『無秩序から秩序へ』

イラスト こがやすのり

 宇宙はビックバンより始まった、ということになっています。これは一般的にもよく知らた物理学の話です。この爆発は連続して何度も起こり、ついでインフレーションが起こる。その後は最初の元素である水素やヘリウムが10万年かけて作り出される。次いで100億年後には惑星ができ、そのあと50億年すると生命が誕生する。つまりビックバンというカオスから宇宙が始まり、段々と秩序が形成され地球や生命も誕生した。
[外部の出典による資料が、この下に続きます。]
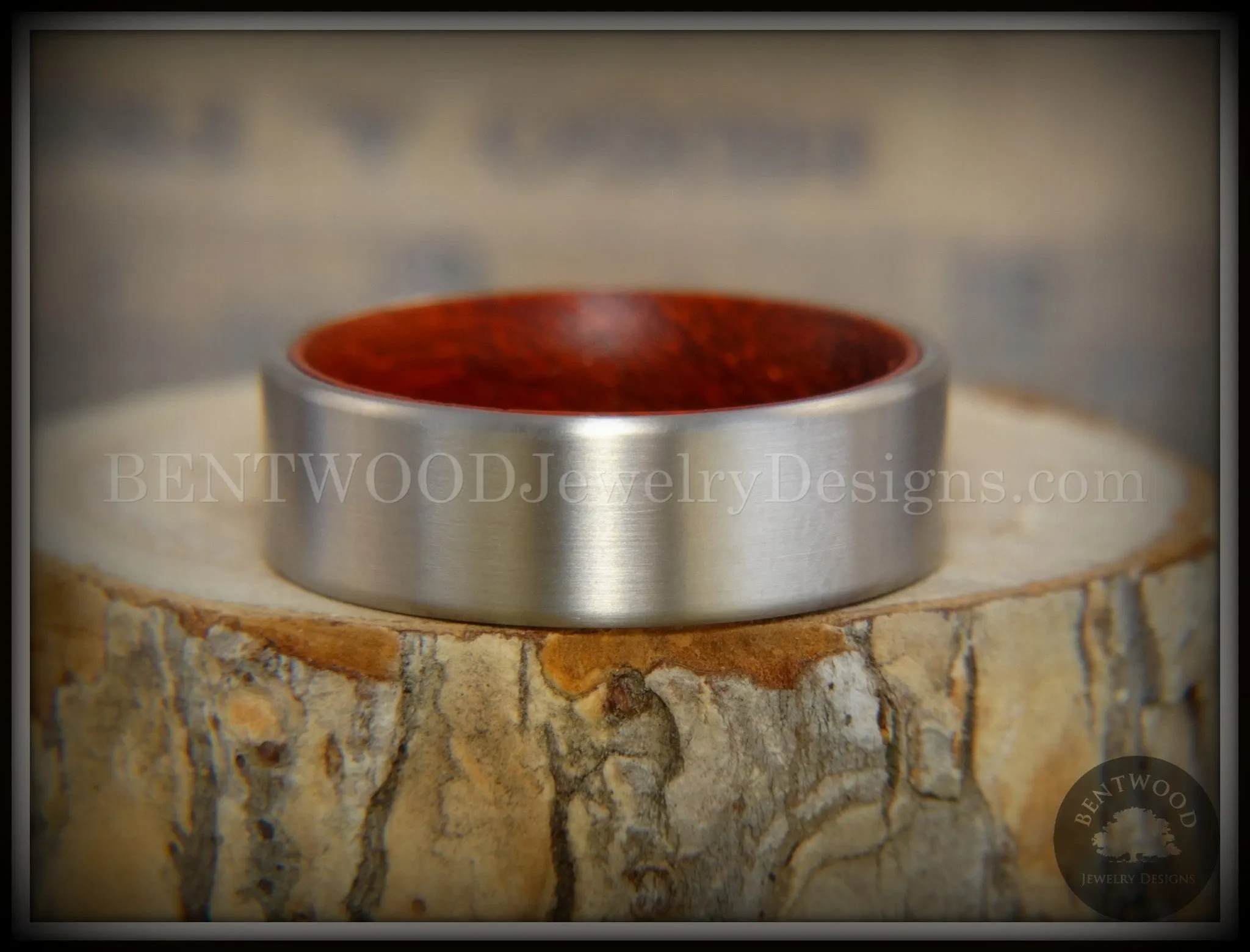 Bentwood Ring - Padauk Core Ring and Surgical Grade Hypo-Allergenic Stainless Steel Exterior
 宇宙も地球も生命もみな無秩序から生まれた。そして無秩序から秩序を作り出すプロセスが生命現象だということです。つまり最初から秩序や型があるわけではなく、無秩序から苦労して作り出された。生命とはその意味で「無秩序から秩序を作り出す力」を持つものと定義できます。
 この生命の定義を創作活動に当てはめてみると、無秩序から秩序をつくり出せる作り手を「生きた作り手」と言うことができます。たとえば無意識から新しアイデアを意識化したり、抽象状態から新しいイメージを直感したりする能力が、少なからずあるということです。これは形式や型を出発点にしなければ作り出せないこととは根本的に違います。この「生きた制作」を別の言葉に還元すると「創造」ということになります。カオスに翻弄されることなく「無秩序から秩序を作り出す力」こそが、物理的、あるいは精神的(芸術的)な生命活動にかかせない能力なのです。